I wouldn't be surprised if some Leftists do assert that.  They might say (they do say) that Australia is racist and Tarrant was therefore simply expressing Australian racism

The claim below that what Leftists call "hate speech" leads to terrorist acts such as Tarrant's is an empty assertion untethered to any evidence.  David Hume pointed out a couple of hundred years ago that to identify a cause you have to have constant conjunction between the cause and the effect.  And there is no conjunction at all between what Leftists call "hate speech" and  acts of terrorism by whites.  Tens of millions of whites have heard words such as those by Yiannopoulos so where are are the acts of terrorism connected to them?  The usual reaction to Yiannopoloulos is no reaction other than, perhaps, a nod of the head. 

If there are ten million instances of a "cause" NOT leading to an alleged effect, that destroys the causal claim.  The effect needs something else to cause it.  In Tarrant's case, he seems to have seen a lot of the effects of Jihadi attacks during his extensive travels and that has enraged him.



The Australian government has been told it must cancel the visa for far-right speaker Milo Yiannopoulos following the Christchurch terrorist attack, with opposition frontbencher Tony Burke saying far-right extremism should be treated in the same way as other forms of terrorism.

The immigration minister, David Coleman, personally approved Yiannopoulos’s visa last week, against advice from the Department of Home Affairs, which earlier told Yiannopoulos he may fail the character test to enter Australia.

Burke, who is Labor’s spokesman for citizenship and multiculturalism, said rules around banning people who could be seen as supporting terrorism should be applied to all extremist ideologies.

“If someone wants to come to Australia and we know that they’ve been speaking in support of values that have given rise to other forms of terrorism, we don’t give them a visa,” Burke told ABC24.

“Only a few days ago, the government intervened against the department to provide a visa for someone to have a tour here in Australia to whip up hatred against Muslims.

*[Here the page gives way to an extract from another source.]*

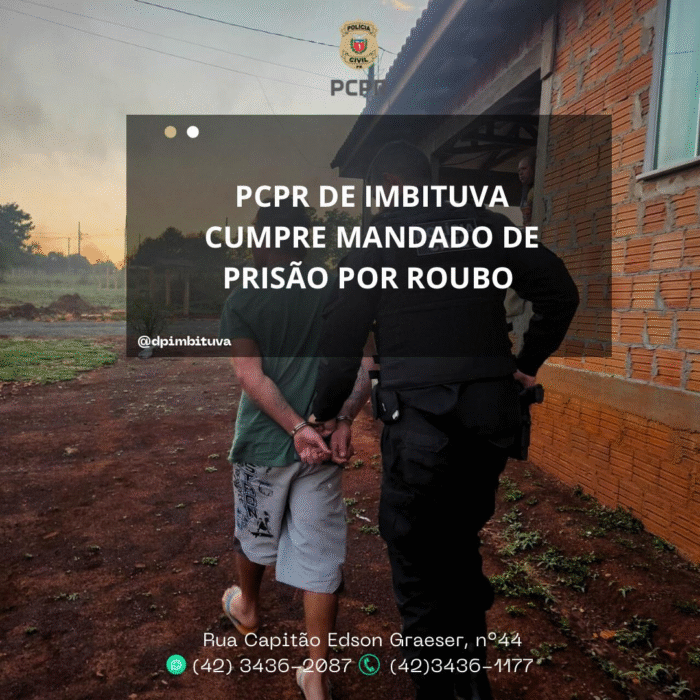 PCPR DE IMBITUVA CUMPRE MANDADO DE PRISÃO POR ROUBO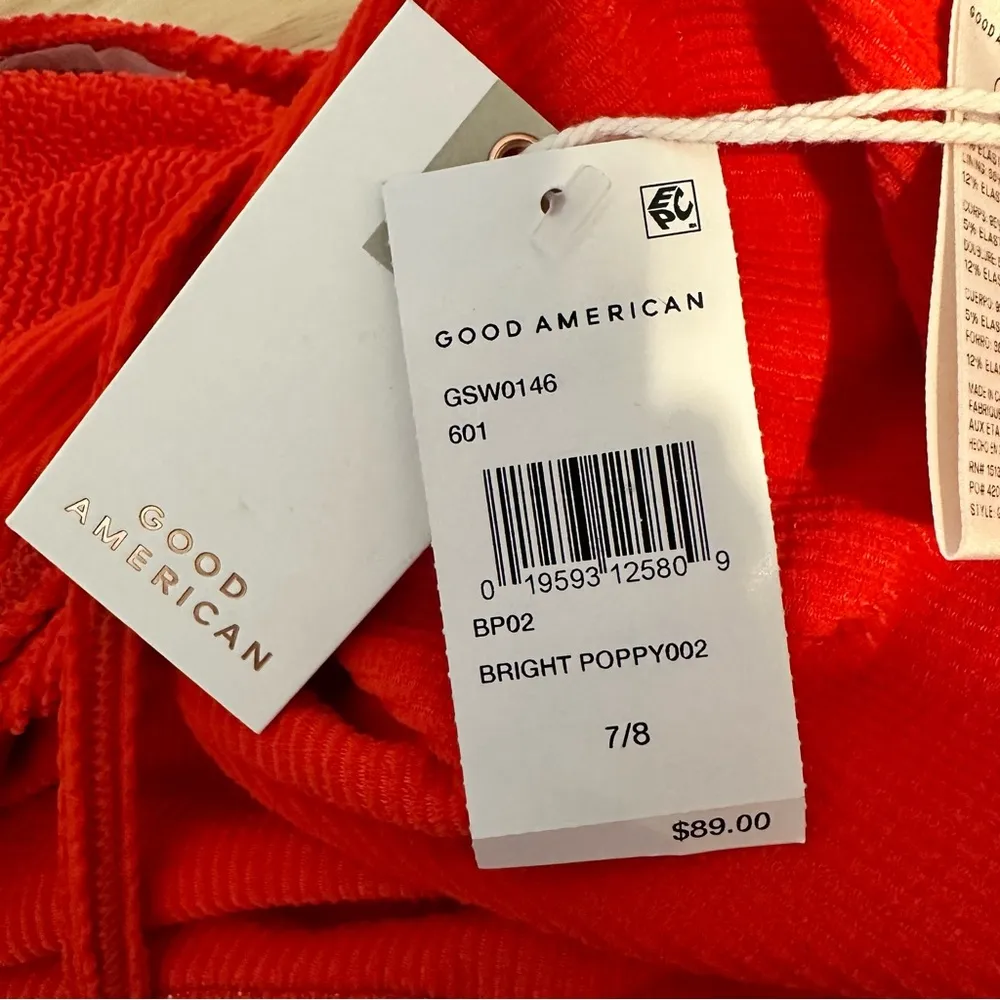 Good American Always Fits One Piece Swimsuit in Bright Poppy size 7/8 or 4X/5X - Image 10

I would be stunned if the government goes ahead with that visa.”

The department has the ability to block a visa from a person on character grounds if it perceives there’s a risk they will commit a crime, harass people, vilify a segment of the Australian community or incite discord.

Recent speaking tours of US whistleblower Chelsea Manning and British conspiracy theorist and anti-semite David Icke were blocked after their visas were rejected on character grounds.

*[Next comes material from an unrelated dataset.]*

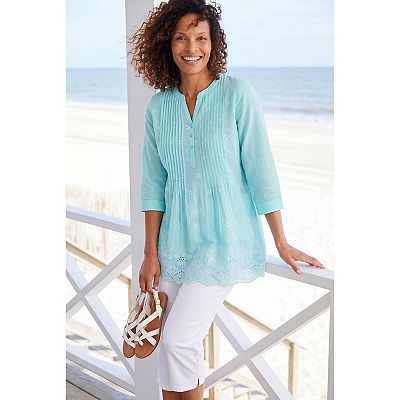 Woman Within Plus Size Embroidered Pintuck Tunic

“We knock back people all the time with respect to other forms of hatred that have been consistent with what has resulted in terrorism actions,” Burke said. “We need to make sure the full force of the law treats this as the same as any other form of terrorism.”

Guardian Australia contacted Coleman’s office to ask if Yiannopoulos’s visa would be revoked after the Christchurch attack and did not receive an immediate response.

The prime minister, Scott Morrison, has called Friday’s massacre a “violent, extremist, right-wing terrorist attack” and also condemned comments from Queensland senator Fraser Anning, saying that “blaming the murderous attacks by a violent, right-wing, extremist terrorist in New Zealand on immigration are disgusting”.

“Those views have no place in Australia, let alone the Australian parliament,” Morrison said.

The Labor foreign affairs spokeswoman, Penny Wong, said Anning did not represent Australia.

Burke also criticised Anning’s comments but said: “the normalisation of bigotry is something that is not only confined to him.”

He said the use of hate speech was connected to violence and extremism and should be taken more seriously.

“There’s been an attempt in Australia by many people to normalise hate speech,” Burke said. “We get told, ‘Oh, it’s just freedom of speech’.”

He said that view had been pushed by “some [television] networks” and said the normalisation of hate speech was “not the whole story of what’s happened, but there is no doubt it is part of it”.

The Australian man charged with murder over the Christchurch attack was not on a terrorist watchlist, and Burke said it was possible that “up until now, many people would not have viewed this form of extremism as being as dangerous to people as every other form of extremism”.

“Anyone who had that doubt, that doubt finished yesterday,” he said.

SOURCE  

2 comments:

Bill R. said...

The NZ shooter may have been a "White Supremacist" but his political philosophy was far, far left. I urge people to not allow the media to write the narrative on this, they have an agenda.

Anonymous said...

Here's a glimpse of Australia under a Labor Government.
No-one who refused to toe the party line will be allowed into the country.